帆を張る

たまに出現します

読書(20080123)

2008年01月24日 03時56分54秒 | Weblog
入不二基義『哲学の誤読』(ちくま新書)再

少し気になる論点があったので,全体を改めて通読。

本書で取り上げられている4つの文章は,筆者自身も述べているように,時間というテーマが通奏低音となっているが,それと並んで重要なのが,言語あるいは言語による認識という問題系である。

筆者は,時間と言語という二つの問題系をクロスさせることによって,言語によって把捉される時間(=反実在論的な時間概念)/言語によって把捉されない時間(=時間それ自体,あるいは実在論的な時間概念)という対立軸を設定し,そこから各論者の論考で展開されている時間概念,あるいはそれらの論考が意図ならずも語ってしまっている時間への態度を剔抉していく。

そこでのポイントは,言語によって把捉されない,ということは,現在にある人間にとっては認識不可能な「過去」を,過去として認定するかどうか,という点を一種のリトマス試験紙として,各論者を峻別している点にある。

著者である入不二自身が,このような分析を行いうるのは,実在論的時間概念と反実在論的時間概念のいずれも下支えしている,言語と現実の差異を,言語や現実(この差異を前者に回収すると,反実在論的となり,後者に回収すると実在論的になる)のいずれか一方に落とし込むのではなく,言語と現実の差異を差異のまま保存することを目指しているからだ。(その意味で,入不二の立場はどこまでも二元論的である。)

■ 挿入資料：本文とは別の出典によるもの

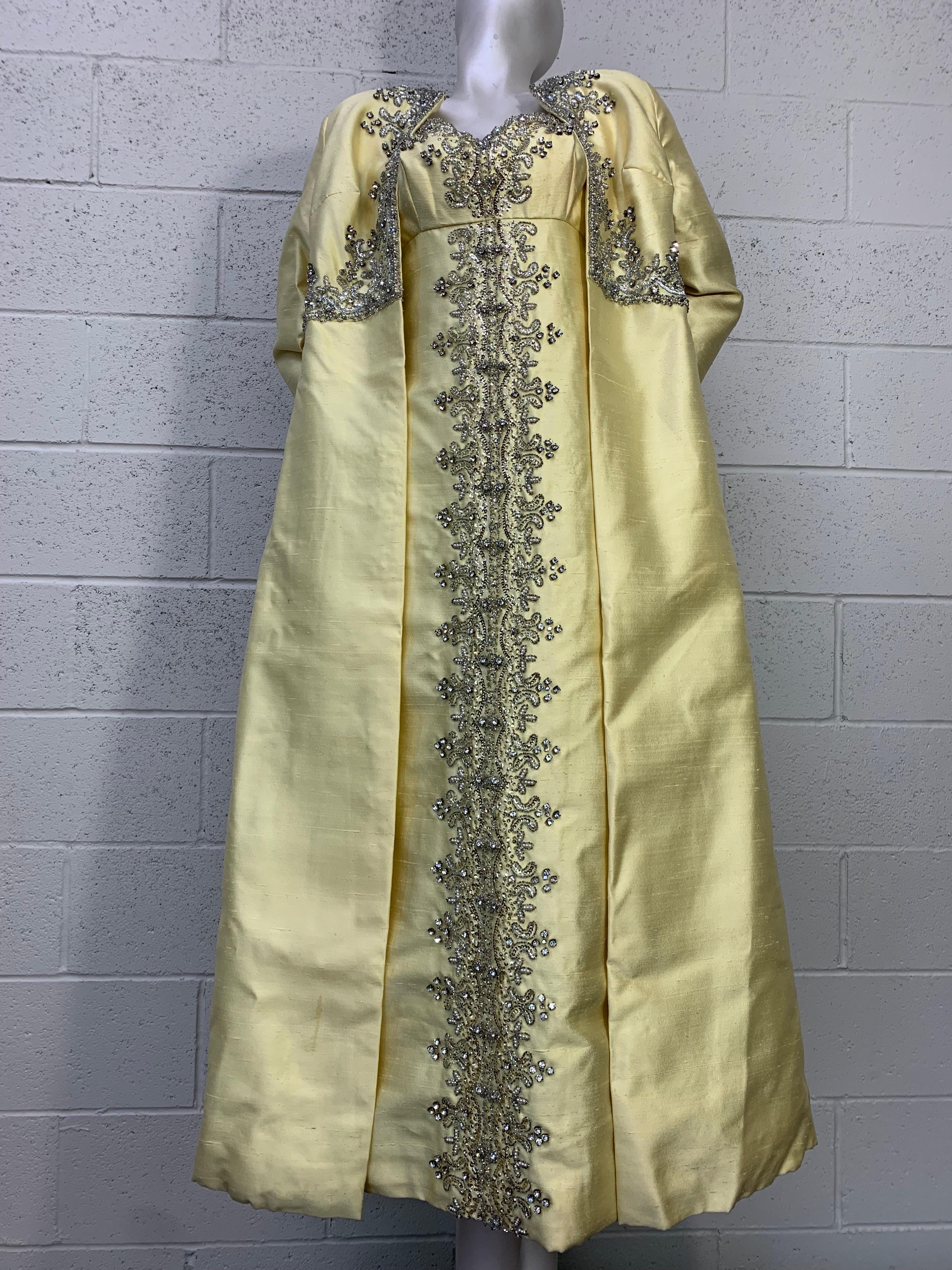 1960s Bernetti Citrine Silk Opera Coat & Dress Ensemble w Extravagant Beadwork In Excellent Condition In Gresham, OR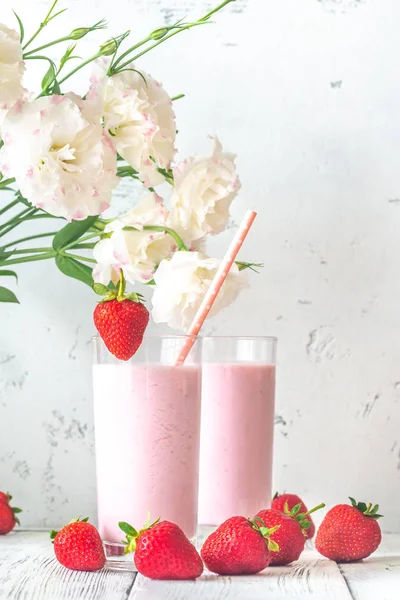 Dos vasos de batido de fresa —  Fotos de Stock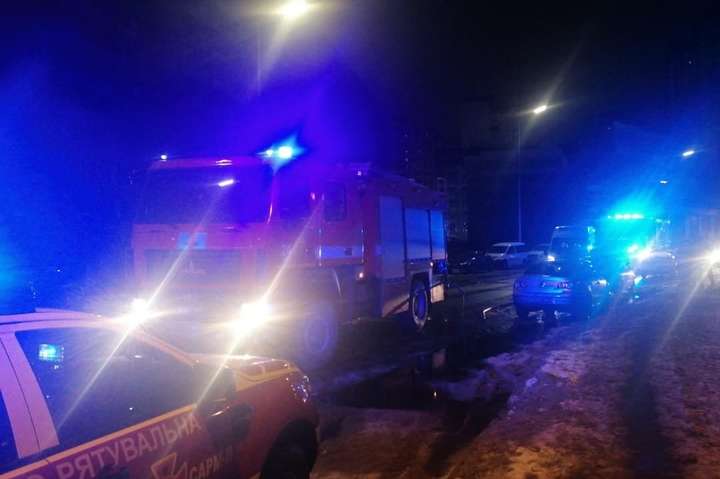 На проїжджій частині дороги в припаркованому автомобілі Volvo виникла пожежа - Вночі на Осокорках згоріла припаркована на узбіччі автівка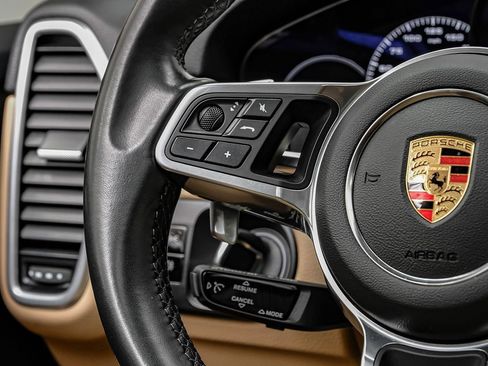 Used 2019 Porsche Cayenne image 15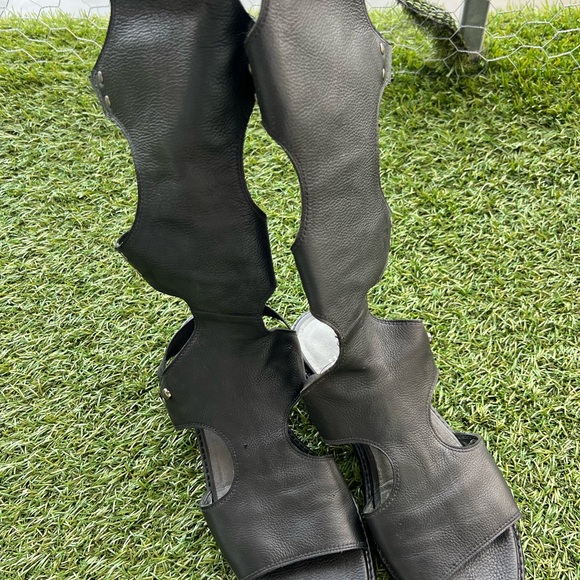 Stuart Weitzman Black Leather Gladiator Backview 7 - Picture 6 of 6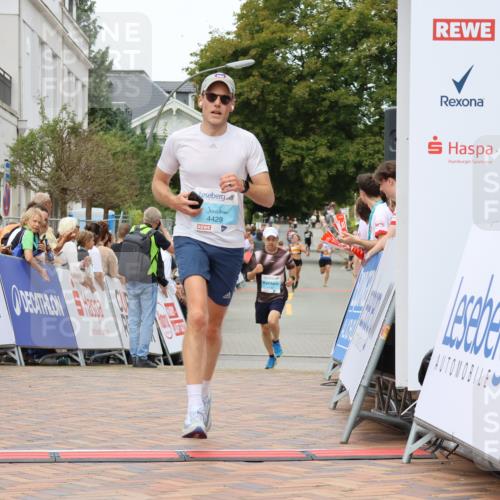 31.08.2025 - 21. Blankeneser Heldenlauf Strokosch-Dieckow http://msf.ph/oto/8687603 31.08.2025 11:58:01 Ziel 4192, 4429 meine-sportfotos.de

言語によってしか過去を把握できないという反実在論的態度を受け入れつつも,しかし,言語によって把握され得ない過去の位相(これを彼は「過去の過去性」と呼ぶ)を抹消しないという態度。時間に対するこの二重の態度から導出されるのは,言語の全体性(言語以外には何ものも存在し得ないという態度)に対する哲学的な「躊躇い」であり,そしてこの「躊躇い」によって逆説的にも可能となる言語への鋭敏な感性ではないだろうか。